The Indie “Rebellion”
8 July 2026
Once a Rebel, Always a Rebel
I have a long history of going against the grain. In cybersecurity, that's the whole job. You look at the default everyone trusts and you poke it until it breaks.
Writing turned out to be the same reflex. I see a rule about how books are supposed to work and my first thought is why.
Once a rebel, always a rebel.
So yeah, I firmly believe in the power of the indie ecosystem.
Let me make this clear: I have nothing against trad publishing or traditional methods. It's a real path. It just isn't mine.
And here's the part where I skip the fake expert voice. I'm not big in this industry at all. I have 1,100 followers on TikTok and I'm pretty sure 50 of them only follow me because I asked. My debut novel comes out at the end of this month. My editor is doing it for free because we're old friends and she still believes in me harder than I do half the time. I have next to no industry knowledge.
BUT I am keenly aware of the community. I know the heart of it. That's what speaks to me.
1. You don't wait for a permission slip
Trad is query trenches, agents, comps, waiting a year to hear "not right for my list." Mad respect to people who survive that. I don't have that patience.

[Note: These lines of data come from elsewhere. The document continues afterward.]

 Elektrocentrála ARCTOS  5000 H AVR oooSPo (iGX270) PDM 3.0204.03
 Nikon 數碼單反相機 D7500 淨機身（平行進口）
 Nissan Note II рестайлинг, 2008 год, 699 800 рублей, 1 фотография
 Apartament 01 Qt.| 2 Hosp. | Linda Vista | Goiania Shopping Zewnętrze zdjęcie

Indie is you finish the draft, you learn what a bleed is at 1am on YouTube, you export a PDF, it looks terrible, you fix it, you hit publish. No committee. Just you and the upload button.

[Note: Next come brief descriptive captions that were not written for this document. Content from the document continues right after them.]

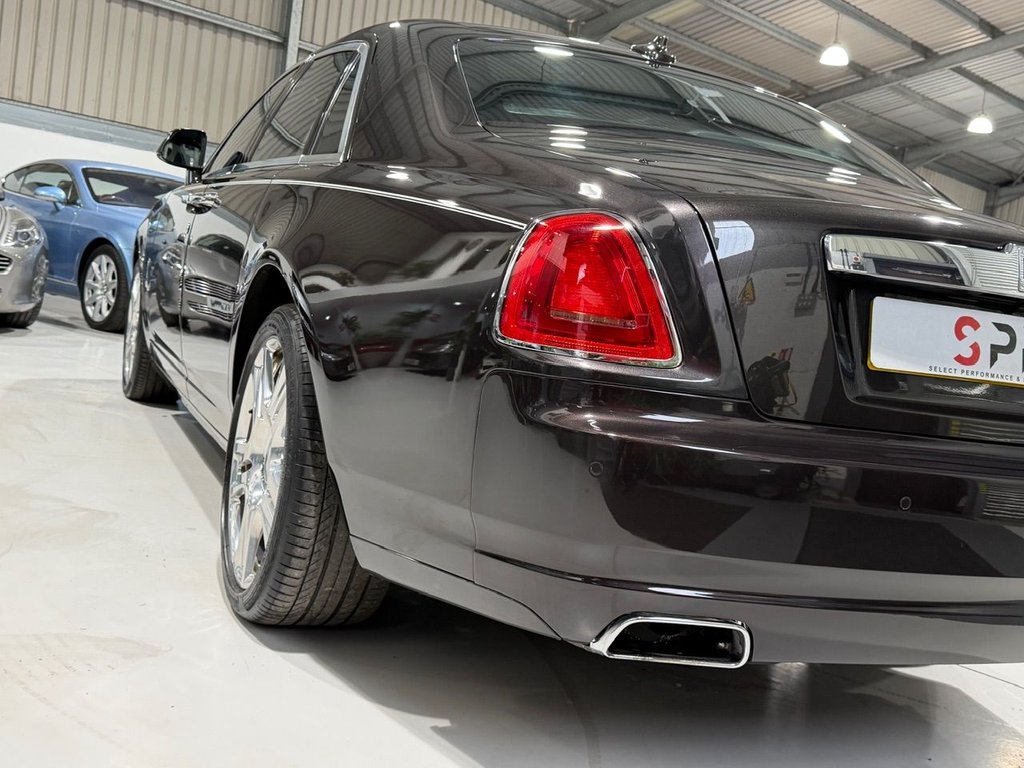 Used Rolls-Royce Ghost 2015 for sale - 77592257: Photo 47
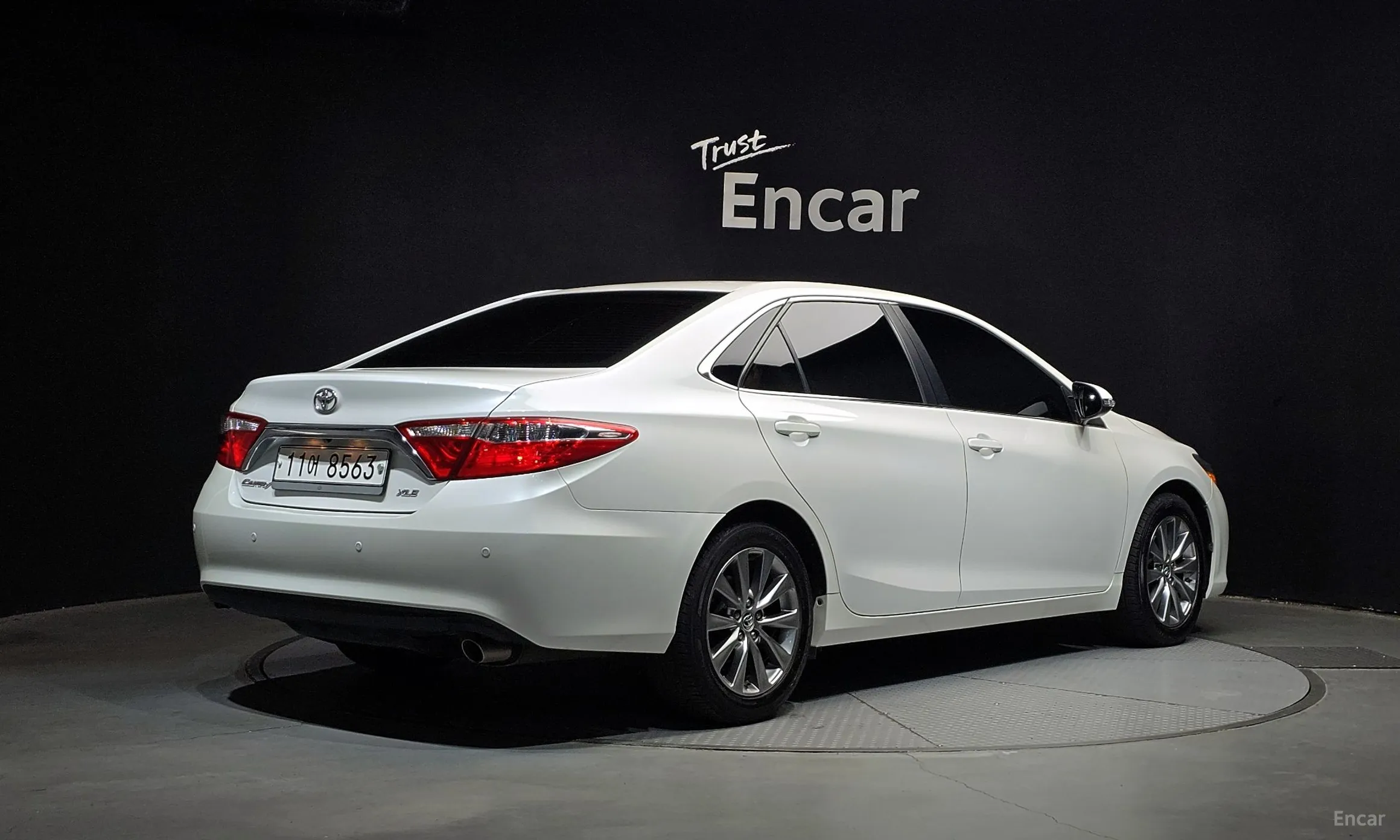 Toyota New Camry
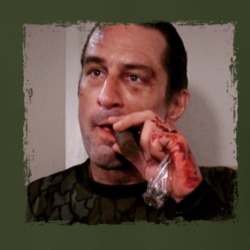 Max Cady De Niro Cape Fear Cigar T Shirt 39153696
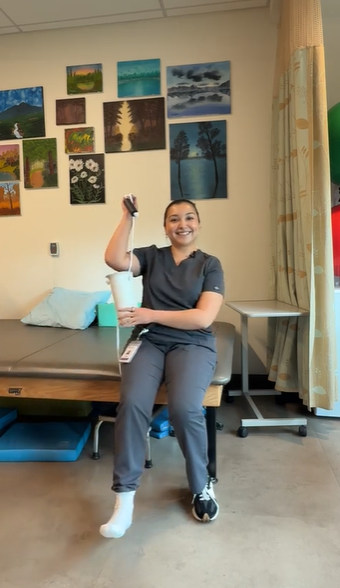 Celebrating Occupational Therapy Month: Helping Seniors Stay Safe, Strong, and Independent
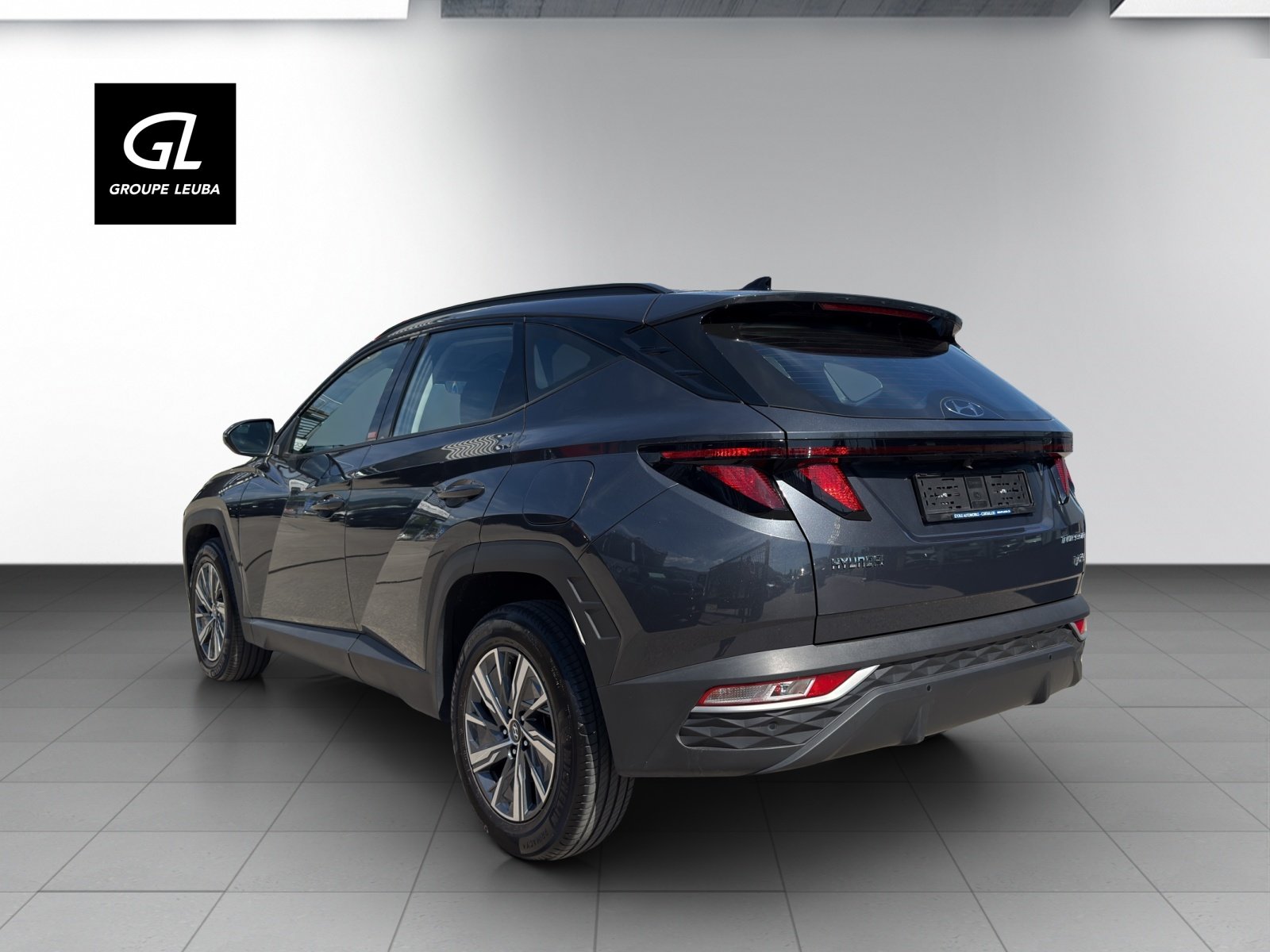 HYUNDAI Tucson 1.6 HEV Origo 2WD, Hybride Intégral Essence/Électricité, Occasion / Utilisé, Automatique - 2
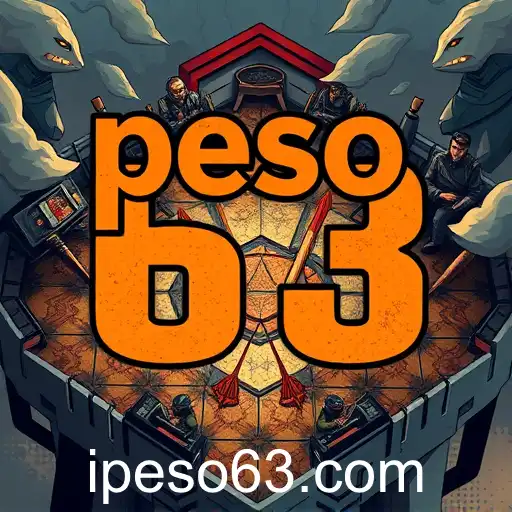 The Evolution of Gaming with Peso63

I spent two days arguing with myself about ISBNs. Bought one. Realized I didn't need it for Amazon. Bought another one anyway because I panicked. That's the indie tax. You pay in confusion.
2. You own the whole mess
Control sounds sexy until you're choosing between Garamond and Crimson Text like your life depends on it. It's hiring a cover artist on Fiverr and refreshing the preview 40 times. It's setting your ebook at $4.99 because $5.99 feels cocky and $3.99 feels like you're begging.
It's also yours. When my editor friend marked up chapter three and wrote "BE SO F*CKING FOR REAL RIGHT NOW" in all caps, because Viviana was about to go meet Andrei’s folks ready for combat wearing six inch heels. that was real feedback, not a form rejection. When the formatting broke on my phone, that was my problem to fix. I prefer that to being told to make my weird book 20% more normal.

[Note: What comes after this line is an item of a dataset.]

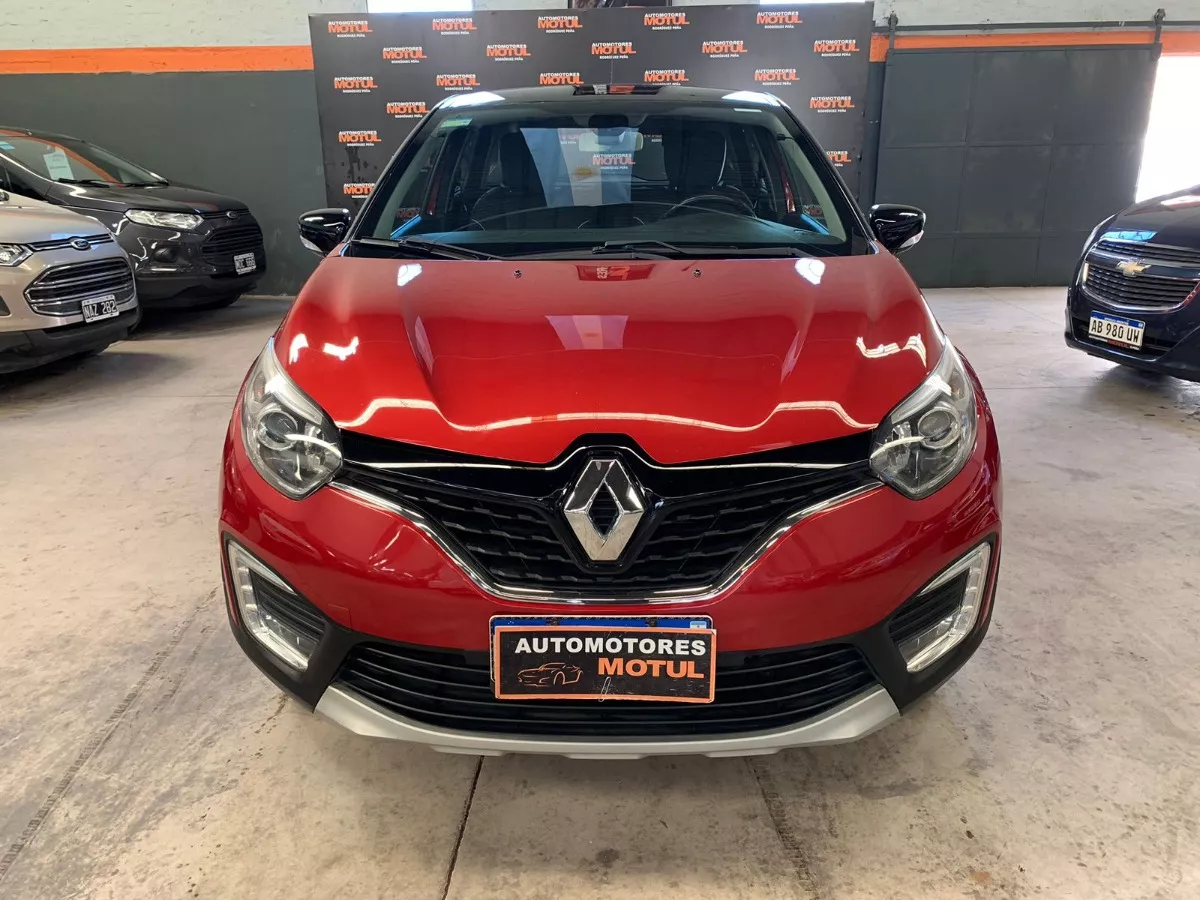 Renault Captur 2.0 Intens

Indie means your fingerprints stay on it. Typos and all. I'd rather ship something honest with a flaw than something perfect that doesn't sound like me anymore.
3. The heart is in the group chat, not the boardroom
This is the part I didn't expect. I thought indie would be lonely. It's the opposite.
It's ARC readers you've never met catching a continuity error for free at midnight. It's authors with real sales sharing their newsletter swap doc with you and your 1,100 followers like you're peers. It's Discord sprints where everyone writes 500 terrible words and then posts the word count with way too many exclamation points.
It's beta readers telling you your ending sucks, but in a kind way, and then offering to read the rewrite. It's people sending you their formatter, their cover designer, their checklist for KDP, no invoice attached.
Nobody asked for my credentials. Nobody asked how many books I've sold, which is good because the answer is currently zero. They asked if I needed help. That's heart. That's soul. That's the whole reason I'm here.
Conclusion
I'm not here to sell you on indie versus trad. I'm not qualified to sell you on anything. I'm a first-time author dropping a book this month with a free editor and a lot of caffeine.
I'm just telling you where I found my people. It's the place where you don't ask first. You make the thing, you learn as you go, you help the next person who is just as lost as you were last week.
If you're trad, keep going. If you're indie, or indie-curious, or sitting on a manuscript someone told you was "not marketable," come hang out. We don't have gatekeepers. We have Google Docs and group chats and too much heart for our own good.
Once a rebel, always a rebel, right?